Single by Eric Johnson

from the album Ah Via Musicom
- Released: February 1990
- Recorded: March 1988 – June 1989
- Studio: Austin's Riverside Sound; Saucer One Studio; Arlyn Studios; Studio Seven;
- Genre: Instrumental rock, hard rock, progressive rock
- Length: 4:10; 6:15 (combined with "Ah Via Musicom")
- Label: Capitol Records
- Songwriter: Eric Johnson
- Producer: Eric Johnson

Audio sample
- file; help;

= Cliffs of Dover (composition) =

Instrumental composition by Eric Johnson

"Cliffs of Dover" is an instrumental rock composition by the American guitarist, singer and songwriter Eric Johnson, released on his 1990 studio album Ah Via Musicom. Johnson had performed it as early as 1984.

The album version is composed in the key of G major. It was played with a Gibson ES-335 (as well as a Fender Stratocaster) through a B. K. Butler Tube Driver and an Echoplex plugged into a 100-watt Marshall amplifier. The composition takes its name from the White Cliffs of Dover, a coastline in southern England.

== Structure ==
"Cliffs of Dover" begins with an ad-libbed electric guitar solo, using techniques such as string skipping and hybrid picking. In the solo intro, Johnson does not adhere to any distinct time signature. Drums are added as the composition settles into a 4/4 rhythmic shuffle verse accompanied by a very accessible set of melodies that, throughout the intro, feature variations (octavations for example) on the main chorus.

The outro or coda then recalls the freestyle mood and timing of the ad-libbed intro.

While he did indeed compose "Cliffs of Dover", Johnson does not take full credit, saying "I don't even know if I can take credit for writing 'Cliffs of Dover' ... it was just there for me one day ... literally wrote in five minutes ... kind of a gift from a higher place that all of us are eligible for. We just have to listen for it and be available to receive it."

== Equipment ==
Johnson has stated that the guitar he used in the intro before the band kicks in is a 1954 Strat (possibly "Virginia").
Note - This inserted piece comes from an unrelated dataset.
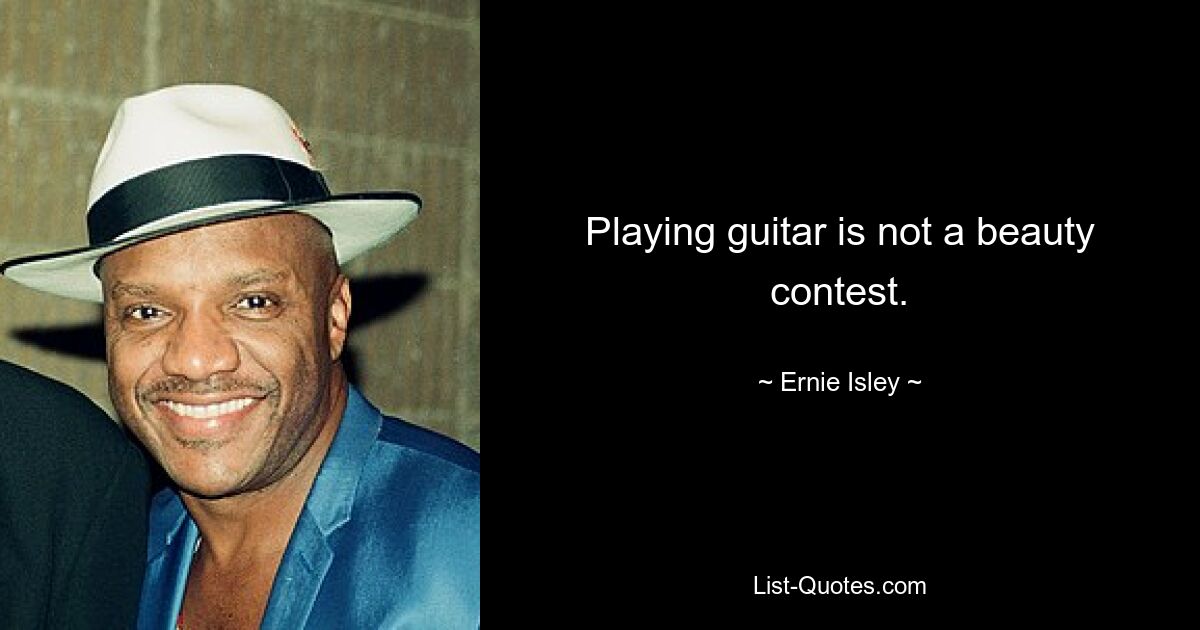 Playing guitar is not a beauty contest. — © Ernie Isley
When the band comes, the guitar is a stop-tail Gibson ES-335 (either a 1963 or 1964) until the solo. The first part of the solo Johnson recorded with ES-335 was cut out and replaced with a Stratocaster through a 1980s Tube Driver. Halfway through the solo, around 3:03, a change in tone occurs when the guitar switches back to the original Gibson lead track. He got playful remarks about it from engineer Richard Mullen, saying "You can't do that!" but it was agreed that it sounded like Johnson simply enabled an effect pedal halfway through the solo.

== Accolades ==
"Cliffs of Dover" was voted number 17 in Guitar World magazine's list of 100 Greatest Guitar Solos, placing it between 16, "Heartbreaker" (by Led Zeppelin) and 18 "Little Wing" (by The Jimi Hendrix Experience).

In 1992, "Cliffs of Dover" won a Grammy Award for Best Rock Instrumental Performance, beating the Allman Brothers Band ("Kind of Bird"), Danny Gatton ("Elmira Street Boogie"), Rush ("Where's My Thing?"), and Yes ("Masquerade").